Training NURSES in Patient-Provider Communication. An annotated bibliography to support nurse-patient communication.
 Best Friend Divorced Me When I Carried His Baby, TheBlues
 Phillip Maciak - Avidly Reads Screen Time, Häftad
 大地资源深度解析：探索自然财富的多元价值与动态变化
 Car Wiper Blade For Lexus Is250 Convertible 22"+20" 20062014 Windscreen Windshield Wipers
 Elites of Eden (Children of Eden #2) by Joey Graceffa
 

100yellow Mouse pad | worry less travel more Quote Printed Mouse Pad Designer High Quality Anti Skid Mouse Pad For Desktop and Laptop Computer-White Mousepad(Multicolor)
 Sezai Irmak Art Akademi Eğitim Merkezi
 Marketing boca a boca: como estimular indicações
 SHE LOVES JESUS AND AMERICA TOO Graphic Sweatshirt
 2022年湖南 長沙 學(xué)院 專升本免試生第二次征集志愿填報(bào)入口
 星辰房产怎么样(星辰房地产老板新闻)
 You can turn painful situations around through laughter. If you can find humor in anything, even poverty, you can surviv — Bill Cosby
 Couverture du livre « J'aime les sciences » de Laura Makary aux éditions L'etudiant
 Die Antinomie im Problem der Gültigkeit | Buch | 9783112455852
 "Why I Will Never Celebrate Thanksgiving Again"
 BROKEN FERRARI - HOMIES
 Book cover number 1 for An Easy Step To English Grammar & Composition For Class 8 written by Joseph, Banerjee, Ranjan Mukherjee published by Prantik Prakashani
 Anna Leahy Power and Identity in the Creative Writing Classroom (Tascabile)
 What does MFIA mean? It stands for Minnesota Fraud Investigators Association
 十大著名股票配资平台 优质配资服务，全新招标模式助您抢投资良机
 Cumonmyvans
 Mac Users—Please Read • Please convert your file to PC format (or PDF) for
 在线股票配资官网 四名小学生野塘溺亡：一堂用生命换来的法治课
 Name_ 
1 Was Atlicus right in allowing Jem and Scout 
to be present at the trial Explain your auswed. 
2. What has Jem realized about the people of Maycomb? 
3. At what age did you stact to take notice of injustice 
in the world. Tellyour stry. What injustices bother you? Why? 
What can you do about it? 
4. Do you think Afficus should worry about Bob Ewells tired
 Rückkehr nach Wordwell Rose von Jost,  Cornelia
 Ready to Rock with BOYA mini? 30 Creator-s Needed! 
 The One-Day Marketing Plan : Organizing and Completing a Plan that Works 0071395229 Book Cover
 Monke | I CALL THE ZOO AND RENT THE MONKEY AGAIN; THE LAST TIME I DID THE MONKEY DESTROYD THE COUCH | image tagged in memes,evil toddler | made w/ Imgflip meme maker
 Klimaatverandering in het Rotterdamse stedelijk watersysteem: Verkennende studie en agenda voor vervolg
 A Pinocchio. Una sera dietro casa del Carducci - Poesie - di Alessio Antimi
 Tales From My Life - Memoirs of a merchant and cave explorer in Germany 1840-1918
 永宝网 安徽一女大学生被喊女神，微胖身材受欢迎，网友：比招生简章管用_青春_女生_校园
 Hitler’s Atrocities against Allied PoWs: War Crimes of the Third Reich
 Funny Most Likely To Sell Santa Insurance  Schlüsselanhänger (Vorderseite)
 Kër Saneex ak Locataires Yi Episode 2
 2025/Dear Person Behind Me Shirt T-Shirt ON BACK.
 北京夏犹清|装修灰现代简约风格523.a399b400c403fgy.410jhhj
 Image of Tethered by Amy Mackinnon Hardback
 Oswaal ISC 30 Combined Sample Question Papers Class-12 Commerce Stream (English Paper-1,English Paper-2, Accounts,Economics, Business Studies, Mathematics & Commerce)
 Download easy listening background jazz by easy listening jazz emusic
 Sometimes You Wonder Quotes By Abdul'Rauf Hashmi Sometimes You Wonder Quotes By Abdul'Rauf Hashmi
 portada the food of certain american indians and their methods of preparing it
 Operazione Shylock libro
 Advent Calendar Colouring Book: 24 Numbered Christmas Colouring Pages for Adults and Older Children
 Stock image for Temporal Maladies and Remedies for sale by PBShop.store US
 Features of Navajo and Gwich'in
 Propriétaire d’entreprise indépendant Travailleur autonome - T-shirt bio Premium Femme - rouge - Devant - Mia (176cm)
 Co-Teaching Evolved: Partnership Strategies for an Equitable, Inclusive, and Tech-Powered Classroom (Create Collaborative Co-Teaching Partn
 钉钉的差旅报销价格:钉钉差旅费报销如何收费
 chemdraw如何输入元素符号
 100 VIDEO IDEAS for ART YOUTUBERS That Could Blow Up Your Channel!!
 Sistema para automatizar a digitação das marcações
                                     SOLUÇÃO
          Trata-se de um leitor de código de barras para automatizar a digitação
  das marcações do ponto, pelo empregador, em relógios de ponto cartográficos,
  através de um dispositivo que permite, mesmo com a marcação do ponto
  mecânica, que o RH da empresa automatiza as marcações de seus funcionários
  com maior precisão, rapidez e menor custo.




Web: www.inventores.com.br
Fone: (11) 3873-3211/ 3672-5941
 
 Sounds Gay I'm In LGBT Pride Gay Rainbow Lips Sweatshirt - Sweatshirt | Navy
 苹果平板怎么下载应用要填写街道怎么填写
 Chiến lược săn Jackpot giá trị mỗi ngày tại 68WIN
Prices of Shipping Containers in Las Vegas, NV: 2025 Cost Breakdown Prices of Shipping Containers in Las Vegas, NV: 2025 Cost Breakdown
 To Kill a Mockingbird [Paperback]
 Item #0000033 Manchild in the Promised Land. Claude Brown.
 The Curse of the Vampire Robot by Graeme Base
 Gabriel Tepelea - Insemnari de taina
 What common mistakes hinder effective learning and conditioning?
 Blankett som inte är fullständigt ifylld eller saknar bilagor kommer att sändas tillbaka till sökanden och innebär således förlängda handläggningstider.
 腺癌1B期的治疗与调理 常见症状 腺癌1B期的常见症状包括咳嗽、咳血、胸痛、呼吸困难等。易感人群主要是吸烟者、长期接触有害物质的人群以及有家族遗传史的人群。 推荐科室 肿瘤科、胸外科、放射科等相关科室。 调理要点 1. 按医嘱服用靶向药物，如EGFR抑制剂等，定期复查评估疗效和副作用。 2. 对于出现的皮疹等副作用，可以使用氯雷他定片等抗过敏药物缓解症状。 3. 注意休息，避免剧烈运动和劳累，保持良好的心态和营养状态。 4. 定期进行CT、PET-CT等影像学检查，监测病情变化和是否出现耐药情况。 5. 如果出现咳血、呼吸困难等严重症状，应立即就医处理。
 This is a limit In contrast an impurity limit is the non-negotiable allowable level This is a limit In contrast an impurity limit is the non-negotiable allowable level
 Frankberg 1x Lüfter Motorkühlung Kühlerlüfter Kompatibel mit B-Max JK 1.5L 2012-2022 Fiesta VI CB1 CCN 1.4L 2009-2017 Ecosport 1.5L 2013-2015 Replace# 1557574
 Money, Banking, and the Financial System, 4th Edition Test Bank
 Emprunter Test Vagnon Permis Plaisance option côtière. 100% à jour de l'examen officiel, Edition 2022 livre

TASK BRIEF -> Taking the listing above as the source, transcribe only the lines starting at the line with "3. At what age" and going through the line with "Hitler’s Atrocities against", unaltered and with both ends included.

OUTPUT OF THE TASK ->
3. At what age did you stact to take notice of injustice 
in the world. Tellyour stry. What injustices bother you? Why? 
What can you do about it? 
4. Do you think Afficus should worry about Bob Ewells tired
 Rückkehr nach Wordwell Rose von Jost,  Cornelia
 Ready to Rock with BOYA mini? 30 Creator-s Needed! 
 The One-Day Marketing Plan : Organizing and Completing a Plan that Works 0071395229 Book Cover
 Monke | I CALL THE ZOO AND RENT THE MONKEY AGAIN; THE LAST TIME I DID THE MONKEY DESTROYD THE COUCH | image tagged in memes,evil toddler | made w/ Imgflip meme maker
 Klimaatverandering in het Rotterdamse stedelijk watersysteem: Verkennende studie en agenda voor vervolg
 A Pinocchio. Una sera dietro casa del Carducci - Poesie - di Alessio Antimi
 Tales From My Life - Memoirs of a merchant and cave explorer in Germany 1840-1918
 永宝网 安徽一女大学生被喊女神，微胖身材受欢迎，网友：比招生简章管用_青春_女生_校园
 Hitler’s Atrocities against Allied PoWs: War Crimes of the Third Reich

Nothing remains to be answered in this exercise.